▸ **About this task**:
With the pictures left out, reproduce exactly the lines from the one containing "西宮市段上町6丁目の一戸建て" through the final line of the entries.

■ ■ ■ ■

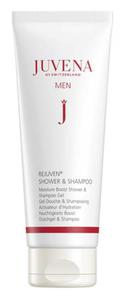 Juvena REJUVEN MOISTURE BOOST SHOWER & SHAMPOO GEL Intensywnie nawilajcy el pod prysznic i szampon do wosw 2w1 dla mczyzn - 2860189670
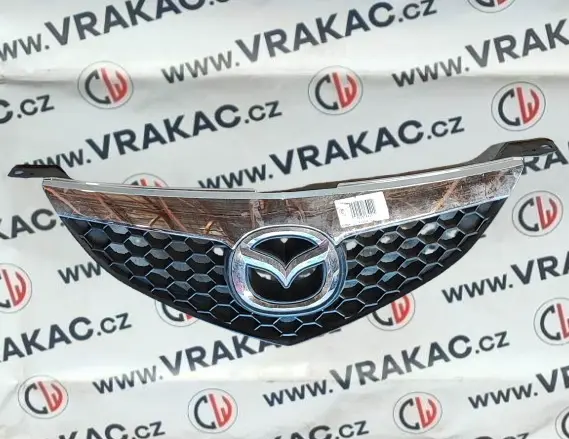 Přední maska (BR5H50712) – Mazda 3 (BK) 2003-2009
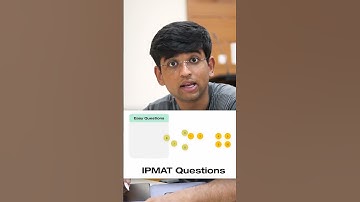 Strategy for IPMAT Indore: 40 marks in 10 minutes (Quants)
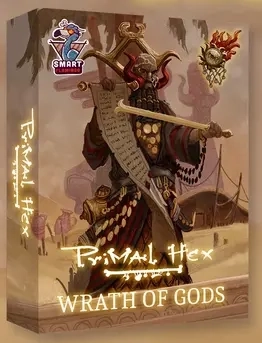 Primal Hex: Wrath of the Gods - Erweiterung - EN
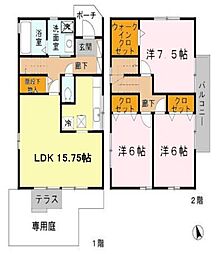 西宮市段上町6丁目の一戸建て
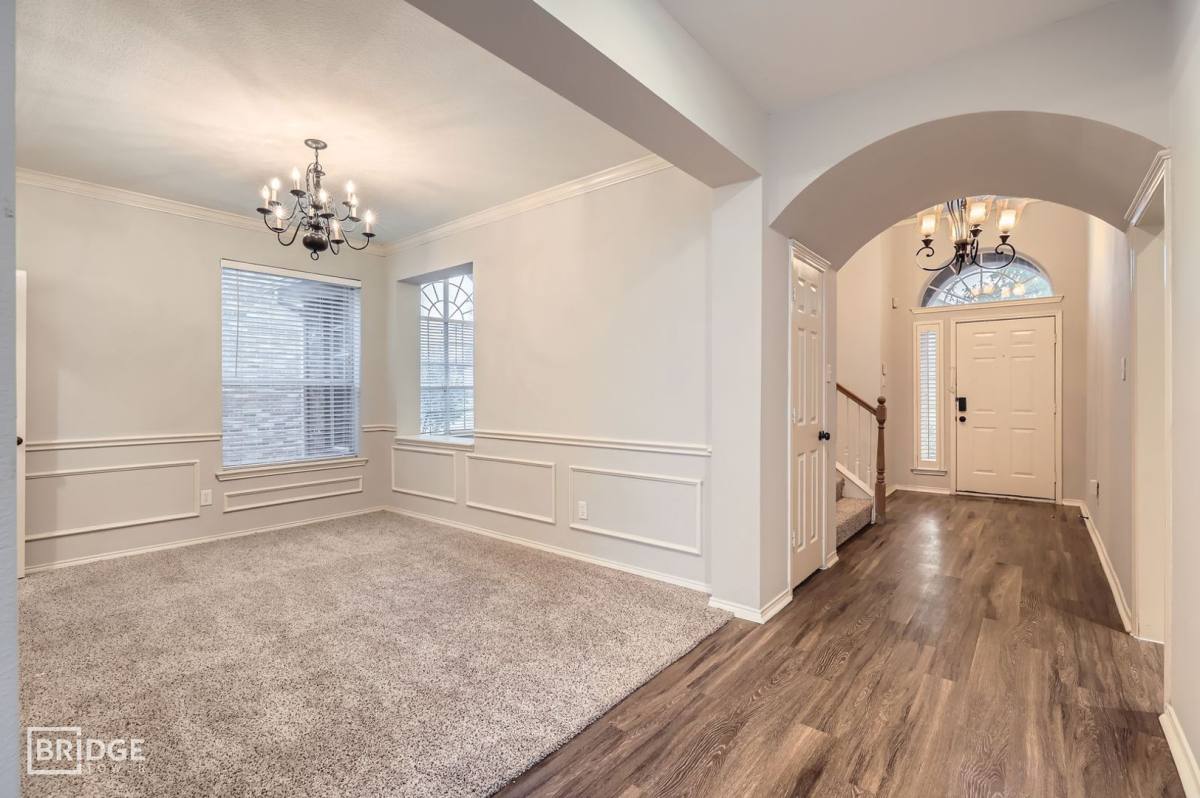 House for rent at 1105 Shores Blvd, Rockwall, TX 75087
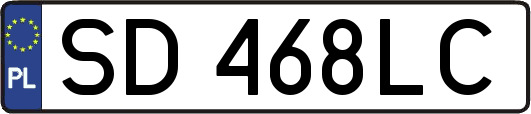 SD468LC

■ ■ ■ ■

▸ **Answer**:
 西宮市段上町6丁目の一戸建て
 House for rent at 1105 Shores Blvd, Rockwall, TX 75087
 SD468LC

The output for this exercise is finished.